NP size distributions in solution were determined in ethanolic 0.1 mg mL−1 suspensions by DLS using a Zetasizer ZS instrument (Malvern Instruments, UK). Scanning electron microscopy and energy dispersive spectroscopy studies were carried out on a Hitachi S4800 microscope and, in scanning TEM mode (STEM), using an Oxford Instruments X-MaxN 100TLE detector. Transmission electron microscopy studies were carried out using a Technai G2 F20 microscope operating at 200 kV and a JEM-1010 operating at 100 kV. Samples were prepared by dropping suspensions on lacey formvar/carbon copper grids (300 mesh). The real size distribution was determined by “manual counting” of TEM images using ImageJ software. Attenuated total reflectance Fourier-transform infrared spectra were collected using an ALPHA II FTIR spectrometer (Bruker) in the 4000–400 cm−1 range without KBr pellets. Powder-X-ray diffraction measurements were carried out on a PANalytical Empyrean diffractometer using Cu Kα radiation (Cu Kα = 1.5418 Å) with a PIXcel detector, operating at 40 mA and 45 kV. Profiles were collected in the 2° < 2θ < 45° range with a step size of 0.013°. Thermogravimetric analyses were carried out using a Mettler Toledo TGA/SDTA 851e model operating in the 25–700 °C range in air. UV-vis absorption spectra were recorded on a Jasco V-670 spectrophotometer in baseline mode in the 400 to 800 nm range, using Thermo Scientific™ 96-well UV microplate containers. Magnetic data were collected with a Quantum Design MPMS XL-5 susceptometer equipped with a SQUID sensor. DC FC magnetization measurements were performed under an applied magnetic field of 100 Oe at 1 K min−1 scan rate in the temperature range between 100 and 400 K. The diamagnetic contributions were corrected using Pascal tables, taking into account the molecular formula of the species Fe(NH2trz)3(NO3)2 only, since the contribution of the SiO2 shell is negligible in all cases because of its reduced thickness. The γHS was calculated by applying the following formula: γHS = 100 × χMT200K/χMT400K.

3. Results and discussion

3.1. Synthesis

To prepare both the Fe(NH2trz)3(NO3)2 and Fe(NH2trz)3(NO3)2@SiO2 NPs (hereinafter called SCO and SCO@SiO2, respectively), we first synthesized the Fe(NO3)2 precursor, as it is not commercially available. To do so, we mixed an aqueous solution of FeSO4 with Ba(NO3)2. After a few minutes, a white solid, which corresponds to BaSO4, is formed, and separated from the supernatant, leaving the Fe(NO3)2 in solution. To obtain bulk Fe(NH2trz)3(NO3)2 as a reference sample, we mixed freshly synthesized Fe(NO3)2 with the aminotriazole (NH2-trz) ligand (see the Experimental section), called from now on SCO-bulk. After 1 hour of reaction, we obtained a purple powder. Scanning electron microscopy (SEM) images of the powder reveal large microcrystals measuring 1.4 ± 0.7 μm in length and 0.7 ± 0.4 μm in width (Fig. S1).

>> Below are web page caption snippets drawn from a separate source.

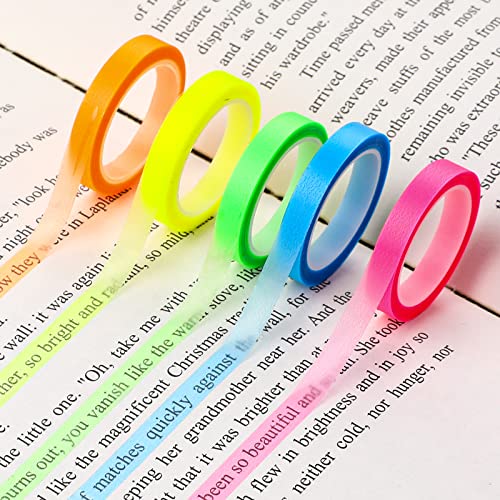 5 Rollen Highlight Strips Abnehmbare Fluoreszierende Farbige Tags Farbiges Transparentes Klebeband Transparente Notizzettel Textmarker-klebeband Für Lehrer Schüler Klasse Büro (0,6cm X 5m)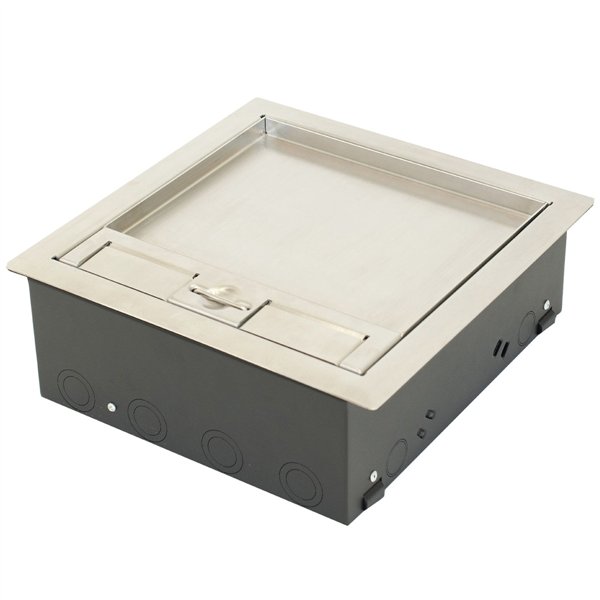 Floor Box 4 x Standard Outlet Provisions Stainless Steel Flush Lid (Soft Close)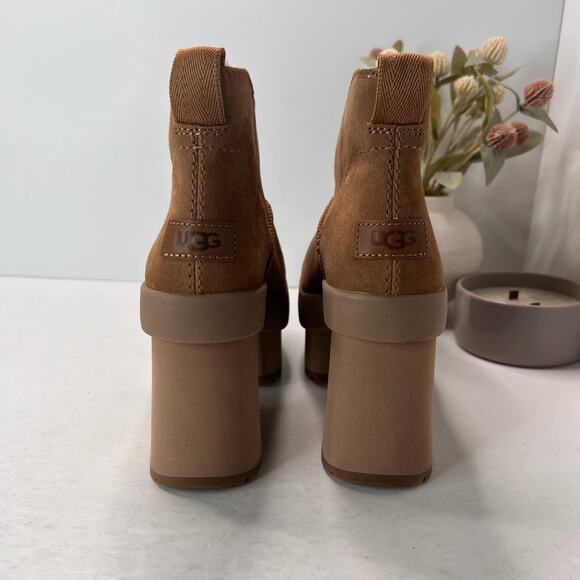 UGG Classic Mini New Heights Platform Suede Boots Chestnut Women's 8 Tried On - Picture 4 of 11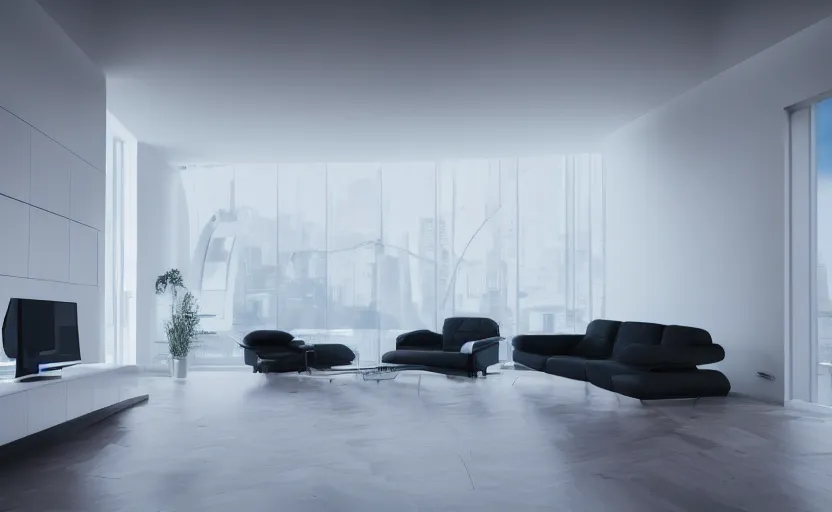 Prompt: futuristic minimalist living room, surreal, coherent composition, architecturally accurate, architecture photography, 8 k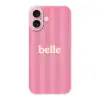 Roze - Gestreept - Belle Apple iPhone 16 klein -3d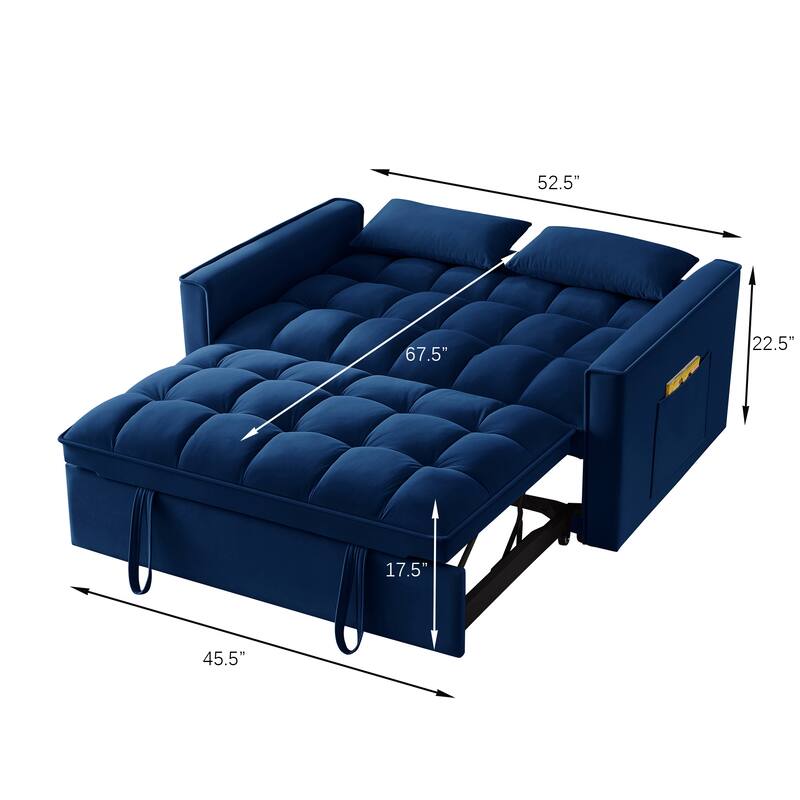 Velvet Loveseat Sofa Bed 4-in-1 with Adjustable Backrest and Storage Pockets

Next, to confine the growth and prepare NPs of Fe(NH2trz)3(NO3)2, we proceeded with the well-known reverse-micelle protocol. This involves mixing two microemulsions: one containing Fe(NO3)2, with the other containing the aminotriazole ligand. Each microemulsion comprises an organic phase with a non-ionic surfactant (Triton X-100), a co-surfactant (n-hexanol), and an organic phase (cyclohexane), along with the aqueous phase containing either the Fe or the ligand. For the synthesis of the SiO2-coated NPs, the same protocol was followed, but tetraethyl orthosilicate (TEOS) was added to the aqueous phase before mixing both microemulsions. In this instance, TEOS serves as a precursor of the SiO2, which envelops the SCO core in the NPs. Upon mixing, in all cases, a purple powder was obtained, which was washed by centrifugation and then air-dried overnight.

In order to control the size of the NPs, we adjusted the concentration of initial precursors, as this proved to be the most effective method.11,23,24Table 1 summarizes how concentration affects the size of the hybrid NPs, measured by dynamic light scattering (DLS) of the NPs redispersed in ethanol. Notably, lower initial Fe and ligand concentrations result in smaller NPs, enabling the synthesis of NPs with sizes of ca. 60 nm (SCO-1 for the naked NPs and SCO@SiO2-1 for the core@shell) and 40 nm (SCO-2 for the naked NPs and SCO@SiO2-2 for the core@shell), as shown in Fig. S2.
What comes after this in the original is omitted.